Este episódio (tratado inclusive em dois livros***), trouxe várias lições sobretudo quanto ao comportamento da mídia, que desempenhou um papel decisivo nas proporções alcançadas pelo acontecimento e na destruição da vida dos acusados.

No caso do colégio Magnum, a imprensa tomou precauções, evitando assumir a acusação e noticiando sem alarde, assim como a escola, que se colocou disponível face à insegurança dos pais e aberta às investigações, sem tomar posição antes da conclusão do inquérito.

Trata-se de uma situação complexa. Sem dúvida, a pedofilia é um crime hediondo, e não apenas os pais, mas a sociedade deve estar atenta e desenvolver mecanismos permanentes de proteção às crianças. 

Por outro lado, a reputação das pessoas é um bem precioso, capaz de abrir ou fechar caminhos. Uma acusação dessa natureza, se infundada, pode destruir uma vida. 

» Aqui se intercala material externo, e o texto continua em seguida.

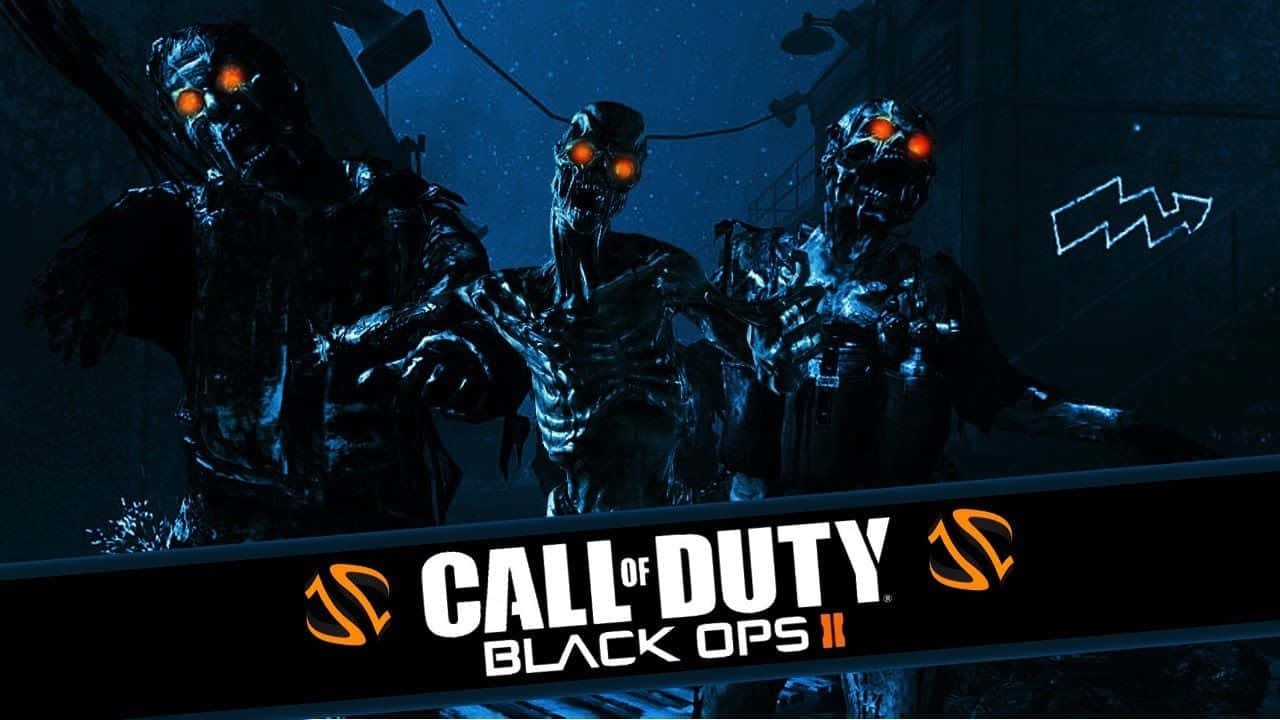 “Call of Duty: Black Ops 2 - Engage in Epic Multiplayer Battles” Wallpaper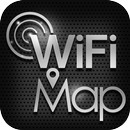 WiFi 無線網路地圖 ( Free WiFi Map) APK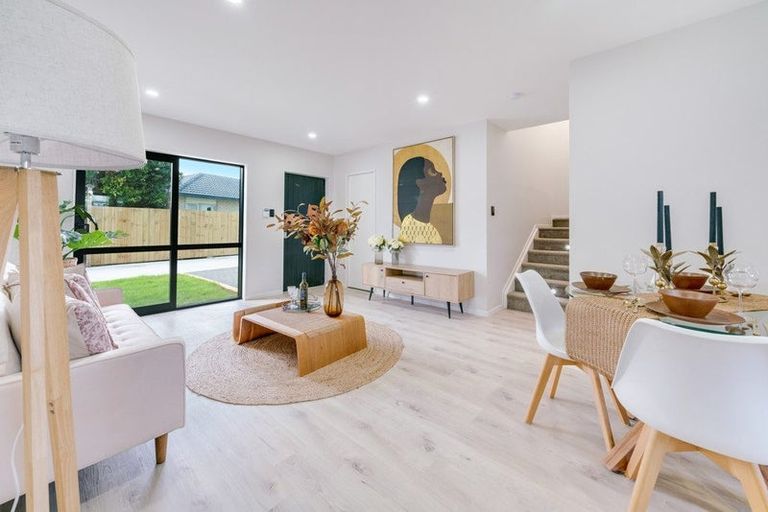 Photo of property in 11d Morris Avenue, Papatoetoe, Auckland, 2025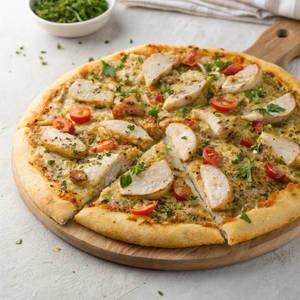 Zatar Pizza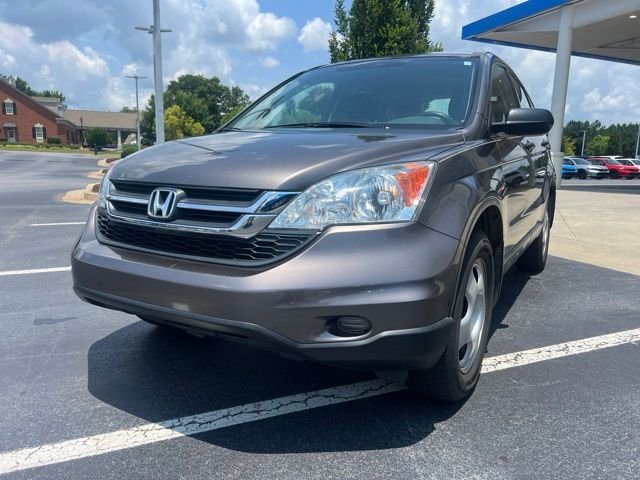 Used 2011 Honda CR-V LX with VIN 3CZRE3H34BG700928 for sale in Cumming, GA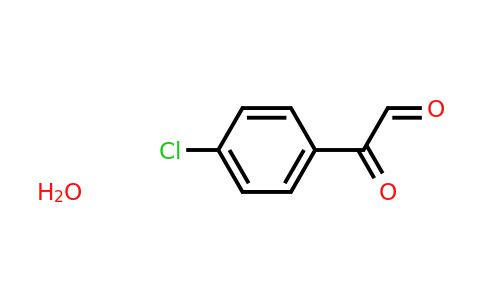 4996-21-8 | 4-Chlorophenylglyoxal hydrate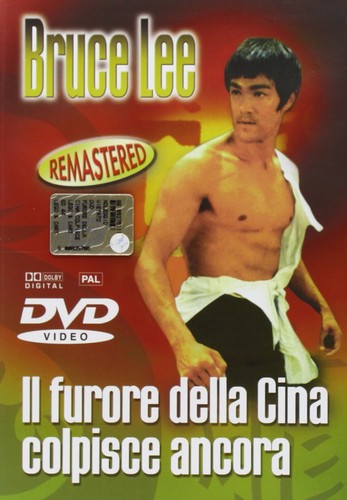 Furore della cina colpisce - furore,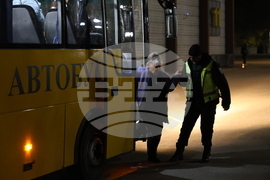 Пловдив - предаване на изборните книжа - РИК 17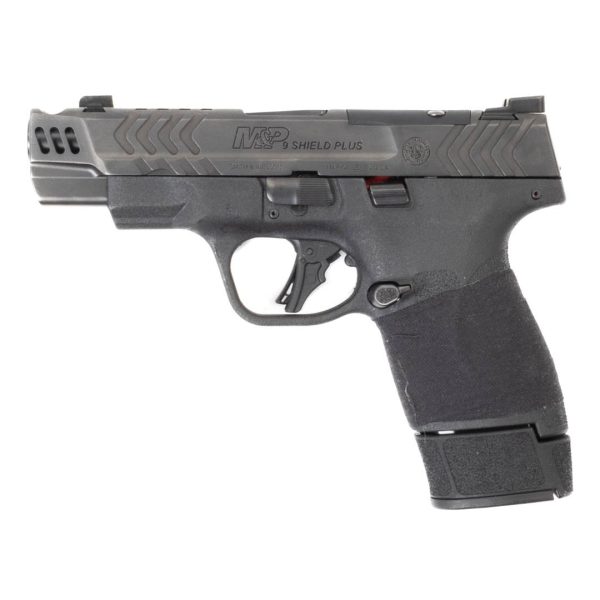 SMITH & WESSON M&P9 SHIELD PLUS SEMI AUTO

É importante destacar também que as crianças não saem imunes de um acontecimento desses; mesmo não tendo sofrido danos físicos, quando se veem enredadas (ou até estimuladas) numa trama narrativa desse tipo, são seriamente atingidas pelo peso simbólico da situação criada.

Após o esclarecimento do caso, é fácil atribuir a culpa ao despreparo da mãe (ou dos pais denunciantes) para lidar com a situação.  Porém é necessário buscamos compreender o pano de fundo que orienta comportamentos extremados. E dois fatores podem ser apontados. De um lado, a forte tendência que assola todos os domínios da nossa sociedade de judicializar as questões conflitivas – de muito rapidamente tratar os problemas que enfrenta como “caso de polícia”. Como se a polícia e o judiciário fossem o caminho mais curto e mais certeiro para resolver questões que deveriam antes ser tratadas com auxílio de outros profissionais (no caso, orientadores educacionais, psicólogos).

Como segundo aspecto, e até explicando esse tipo de atitude, estão talvez o desamparo, a insegurança e o medo. As instituições se mostram fracas e desacreditadas, os cidadãos se encontram sem ponto de apoio, a vida está vulnerável. Serenidade e reflexão faltam quando o tecido social está roto. E o nosso se mostra seriamente danificado.

Vera França, professora titular da Comunicação Social da UFMG e coordenadora do GrisLab

*Nova suspeita de abuso sexual em colégio de BH é relatada em reunião de pais

**Polícia não vê indícios de que investigado tenha abusado de alunos do Colégio Magnum

*** RIBEIRO, Alex. Caso Escola Base – os abusos da imprensa. São Paulo: Ática, 1995. p. 46/47.

BONJARDIM, Estela Cristina. O acusado, sua imagem e a mídia. São Paulo: Max Limonad, 2002. P. 105.